In retaking the city, Iraqi Prime Minister Haider al-Abadi had to fend off efforts by Iranian-backed Shiite militias to spearhead the offensive, which would have terrified Ramadi’s Sunni inhabitants and undercut the operation. To hold the city, Abadi will need to empower Sunni tribes in the province. And to liberate Mosul, a much larger city that is the economic heart of the so-called caliphate, it will be necessary to arm Sunni tribes in the north, something that still is not being done.
So watch to see if Abadi derives enough political capital from the Ramadi victory to start reintegrating Sunnis into Iraq’s political and military system. One key: whether he can circumvent Iran’s proxy politicians and militias in Iraq and authorize Sunni tribes to form an official national guard.
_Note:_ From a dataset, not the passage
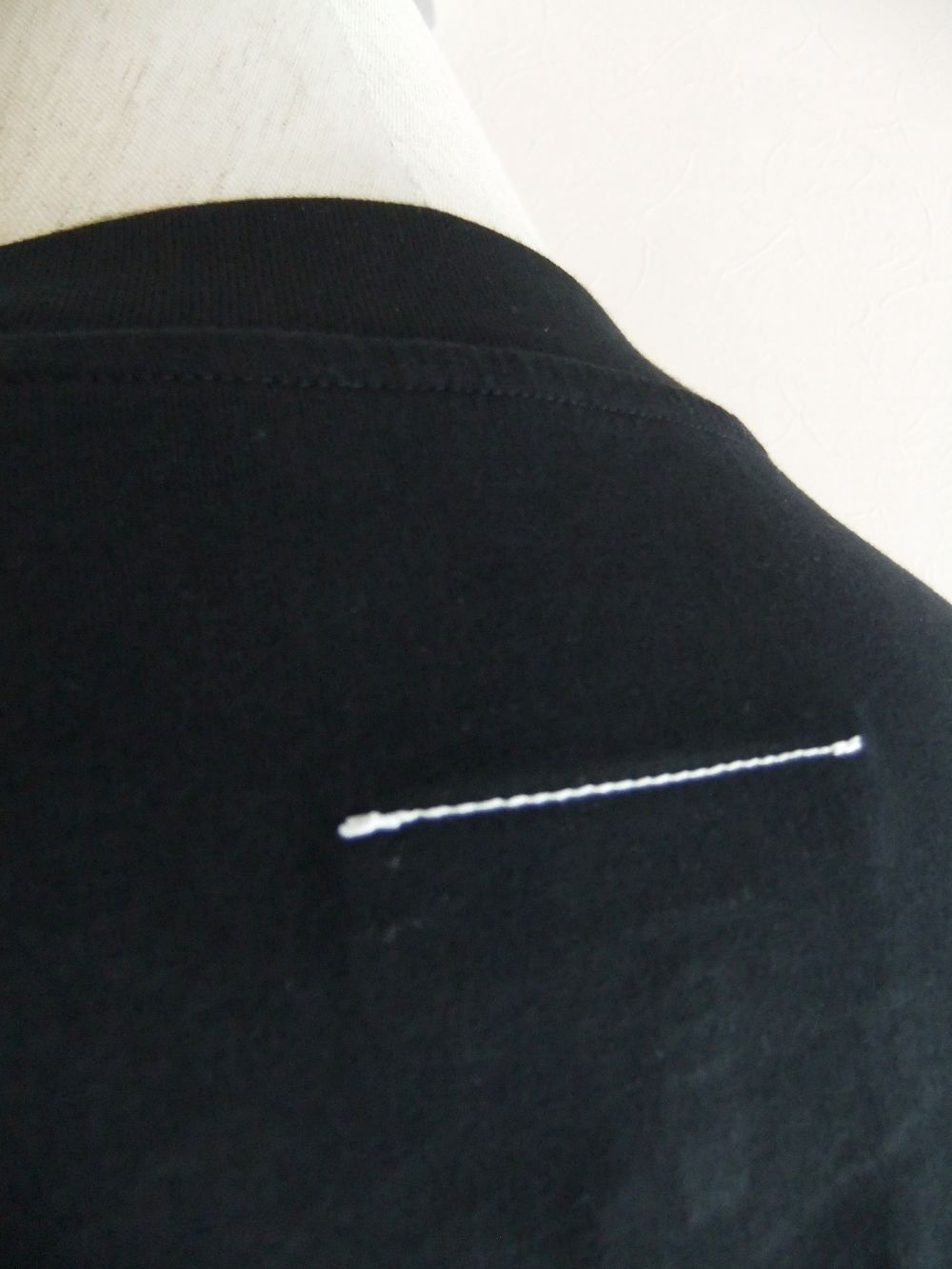 《MM➅》 Maison Margiela  6 LOGO PRINT T-SHIRT (ブラック) ロゴTシャツ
And watch to see if President Barack Obama puts full U.S. muscle and focus behind this effort. With a Sunni Arab ground force in Iraq there could be real pushback against the Islamic State in 2016. Otherwise, the Islamic State will remain in Mosul for a long, long time.
▪ On Iran. Yes, Tehran is implementing key terms of the nuclear accord, sending its low-enriched and 20 percent-enriched uranium out of the country to Russia and dismantling thousands of centrifuges as well as its plutonium reactor.
This is big stuff: Iran was heading inexorably toward the point where it had enough fissile material to make a bomb, and now that threat is pushed back for at least 10 to 15 years. Most experts believe Iran will not cheat on this deal in any major way in the initial years because it wants to get and keep sanctions relief.
But Tehran will continue to pursue its own regional interests, such as arming Hezbollah and sending fighters to Syria and Iraq, behavior that is not covered by the accord and must be countered independently of it. So watch to see if hard-liners in Congress use this as an excuse to try to undermine the deal as they are already attempting. And pay attention to the results of Iran’s elections in late February, which might undercut hard-liners in Tehran who want to do the same.
In other words, it is possible there might be better foreign-policy news this year from the Mideast, but not very probable. That doesn’t mean we can’t hope.